Aristotle

Aristotle was more the scientist than his renowned teacher, Plato, and saw the soul as a mechanism—an animated aspect of lifeforms.

Aristotle’s theory of animation amounts to the claim that particular living things, like all particular items, can, to put it an un-Aristotelian way, be analyzed into their Form and their Matter, but that in the exceptional case of living things their Form can be identified with the traditional concept of their soul. To put this more concisely, we might use his own words, that the soul is the form of a living body. (Hugh Lawson-Tancred, De Anima (On the Soul) by Aristotle, pg. 18)
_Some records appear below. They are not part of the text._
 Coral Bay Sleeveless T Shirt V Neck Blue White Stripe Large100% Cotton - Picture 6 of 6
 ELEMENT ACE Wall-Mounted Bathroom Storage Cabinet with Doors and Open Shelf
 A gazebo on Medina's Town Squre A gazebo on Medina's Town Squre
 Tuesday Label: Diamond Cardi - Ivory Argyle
The precise term that defines this realization is entelechism, or the condition of something whose essence comes to full actualization. A vivifying “Force” that directs an organism to self-fulfillment. Hence, for Aristotle, the soul is an Actualized Principle of Animation. And this is not just confined to the human species:

Aristotle also introduced distinctions in the soul that were later adopted by the various monotheistic traditions. First, there is the vegetative soul, accounting for birth, nutrition, and growth; second there is the sentient or animal soul, possessing movement, appetites, and sensation; and third is the rational soul, possessing knowledge, deliberation, and choice. He thought that there is only one soul for a human being, which possesses a tripartite nature. “Consequently the plants possess only the vegetative soul, the animals the vegetative and the sentient, human beings the vegetative, the sentient, and the intellectual soul.” (A. H. Almaas, The Inner Journey Home Soul’s Realization of the Unity of Reality, pg. 521)
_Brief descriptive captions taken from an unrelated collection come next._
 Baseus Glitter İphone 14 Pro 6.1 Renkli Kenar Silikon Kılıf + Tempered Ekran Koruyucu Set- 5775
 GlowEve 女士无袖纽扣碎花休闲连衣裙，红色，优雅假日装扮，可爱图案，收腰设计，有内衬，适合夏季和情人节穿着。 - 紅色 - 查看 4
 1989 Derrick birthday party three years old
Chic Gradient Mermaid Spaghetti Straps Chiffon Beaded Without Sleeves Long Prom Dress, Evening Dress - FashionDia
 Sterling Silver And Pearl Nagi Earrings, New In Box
Breaking it down even further:

Aristotle characterizes psyche as the first actuality (entelecheia) of a natural body capable of sustaining life (soma phusikon metechon zoes), that is, an organism composed of organs. It expresses the living thing’s defining essence (ousia), its ‘cause’ (aition), principle (arche) and goal or end-state (telos). In the common English phrase, the psyche is ‘the life and soul’ of an organism. (Paul S. MacDonald, History of the Concept of Mind Vol One, pg. 65)
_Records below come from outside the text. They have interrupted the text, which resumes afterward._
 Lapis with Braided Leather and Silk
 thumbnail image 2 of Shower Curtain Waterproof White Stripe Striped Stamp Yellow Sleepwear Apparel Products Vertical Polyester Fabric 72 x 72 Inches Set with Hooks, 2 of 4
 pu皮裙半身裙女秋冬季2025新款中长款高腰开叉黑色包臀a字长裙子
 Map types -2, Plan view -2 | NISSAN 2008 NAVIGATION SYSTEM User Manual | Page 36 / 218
Aristotle’s crowning work, De Anima (On the Soul), utilizes philosophic categories of Form & Substance (Matter) that labels all entities as material substances that have been arranged through their Intelligible Forms. “The form is the intimate inward structure, the absolute ‘thingness’ of the thing.” Kant’s “thing-in-itself” would feel right at home here. Henceforth, all phenomena are “elements of possibilities—or the “changeableness of things.” Whereas, Form is Stable, Immovable, and permanent.  Hence, soul is the “Principle of Actuality” which makes a thing “livable”.  The first actuality of a material body. Therefore, Aristotle determined that the soul is fundamentally the principle that bestows life upon a body capable of existence. Soul and body are for him somehow one, the soul giving unity to the substantial gross matter, thus enabling the living being to participate in its various functions. As he puts it, “The soul is the form of the body and the body the matter of the soul (DA II I, 412aI9–20).”